A declaração foi dada a membros das Conferências Episcopais da Europa e da Organização Mundial da Saúde (OMS), durante uma conferência sobre saúde em Roma.
"A saúde não pode ser um luxo para poucos, mas sim uma condição essencial para a paz social", afirmou ele, explicando que "a cobertura universal de saúde não é apenas um objetivo técnico a ser alcançado; é, antes de tudo, um imperativo moral para as sociedades que desejam se definir como justas".
Segundo o Papa, "garantir assistência médica aos mais vulneráveis é essencial não apenas por respeito à dignidade humana, mas também como forma de prevenir tensões sociais". "É evitar que a injustiça se torne a semente do conflito", alertou.
Em seu discurso, Leão XIV também chamou atenção para o agravamento das desigualdades no acesso à saúde em diversos países. De acordo com ele, um número cada vez menor de pessoas consegue obter tratamento adequado, mesmo onde há serviços disponíveis.
Além disso, fez um apelo sobre a saúde mental, especialmente entre os jovens. "As feridas invisíveis da psique não são menos graves do que as visíveis", afirmou, pedindo ações urgentes para enfrentar o problema.

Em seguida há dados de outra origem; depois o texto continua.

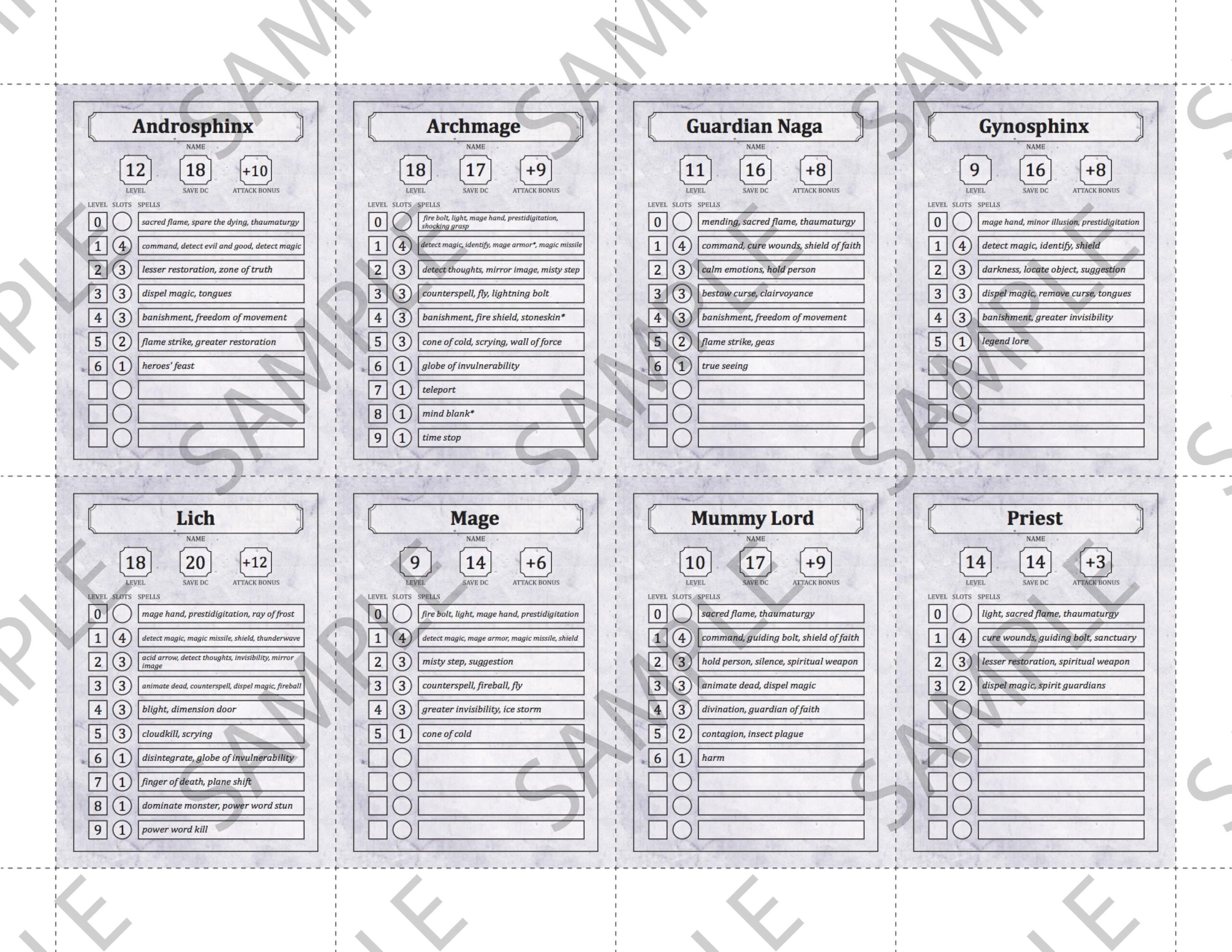 D&D 5E Printable Monster Cards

Na sequência, Robert Prevost enfatizou que "o distanciamento, a distração e a habituação à visão da violência e do sofrimento alheio nos levam à indiferença".
"Todo homem e mulher, especialmente os cristãos, é chamado a fixar o olhar naqueles que sofrem, na dor das pessoas solitárias, naqueles que, por vários motivos, são marginalizados e considerados 'descartados', porque sem eles não seremos capazes de construir sociedades justas, à medida da pessoa", disse ele.
Por fim, o Papa concluiu ressaltando que o bem-estar coletivo depende da solidariedade, porque ignorar os mais vulneráveis não leva à felicidade, mas ao aprofundamento das desigualdades.
"É ilusório pensar que, ignorando esses irmãos e irmãs, é mais fácil alcançar a felicidade. Somente juntos podemos construir comunidades de solidariedade e capazes de cuidar de cada pessoa, nas quais o bem-estar e a paz se desenvolvam, para o benefício de todos", concluiu o religioso, lembrando que "cuidar da humanidade dos outros nos ajuda a viver a nossa própria".